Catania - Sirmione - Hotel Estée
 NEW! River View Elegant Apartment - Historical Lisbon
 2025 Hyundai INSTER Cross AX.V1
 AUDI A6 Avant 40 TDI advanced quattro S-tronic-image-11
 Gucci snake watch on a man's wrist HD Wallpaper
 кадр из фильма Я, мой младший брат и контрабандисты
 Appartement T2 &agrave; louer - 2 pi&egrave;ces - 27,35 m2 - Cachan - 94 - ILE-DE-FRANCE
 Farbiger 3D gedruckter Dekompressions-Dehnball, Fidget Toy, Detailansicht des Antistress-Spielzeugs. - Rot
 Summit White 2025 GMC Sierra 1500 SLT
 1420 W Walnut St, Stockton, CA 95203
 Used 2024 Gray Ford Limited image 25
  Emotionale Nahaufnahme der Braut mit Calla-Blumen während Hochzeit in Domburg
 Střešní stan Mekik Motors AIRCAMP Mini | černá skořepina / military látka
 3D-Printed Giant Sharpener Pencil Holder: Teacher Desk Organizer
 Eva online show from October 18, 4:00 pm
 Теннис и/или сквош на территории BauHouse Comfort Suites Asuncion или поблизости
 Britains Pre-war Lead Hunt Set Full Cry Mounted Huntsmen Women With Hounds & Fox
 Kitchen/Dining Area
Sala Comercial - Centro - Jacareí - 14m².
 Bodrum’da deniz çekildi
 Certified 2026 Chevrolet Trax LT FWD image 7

-=-=-=-=-

- **EXERCISE DESCRIPTION**
The material above is to be reproduced exactly as written.

- **SOLUTION BELOW**
Catania - Sirmione - Hotel Estée
 NEW! River View Elegant Apartment - Historical Lisbon
 2025 Hyundai INSTER Cross AX.V1
 AUDI A6 Avant 40 TDI advanced quattro S-tronic-image-11
 Gucci snake watch on a man's wrist HD Wallpaper
 кадр из фильма Я, мой младший брат и контрабандисты
 Appartement T2 &agrave; louer - 2 pi&egrave;ces - 27,35 m2 - Cachan - 94 - ILE-DE-FRANCE
 Farbiger 3D gedruckter Dekompressions-Dehnball, Fidget Toy, Detailansicht des Antistress-Spielzeugs. - Rot
 Summit White 2025 GMC Sierra 1500 SLT
 1420 W Walnut St, Stockton, CA 95203
 Used 2024 Gray Ford Limited image 25
  Emotionale Nahaufnahme der Braut mit Calla-Blumen während Hochzeit in Domburg
 Střešní stan Mekik Motors AIRCAMP Mini | černá skořepina / military látka
 3D-Printed Giant Sharpener Pencil Holder: Teacher Desk Organizer
 Eva online show from October 18, 4:00 pm
 Теннис и/или сквош на территории BauHouse Comfort Suites Asuncion или поблизости
 Britains Pre-war Lead Hunt Set Full Cry Mounted Huntsmen Women With Hounds & Fox
 Kitchen/Dining Area
Sala Comercial - Centro - Jacareí - 14m².
 Bodrum’da deniz çekildi
 Certified 2026 Chevrolet Trax LT FWD image 7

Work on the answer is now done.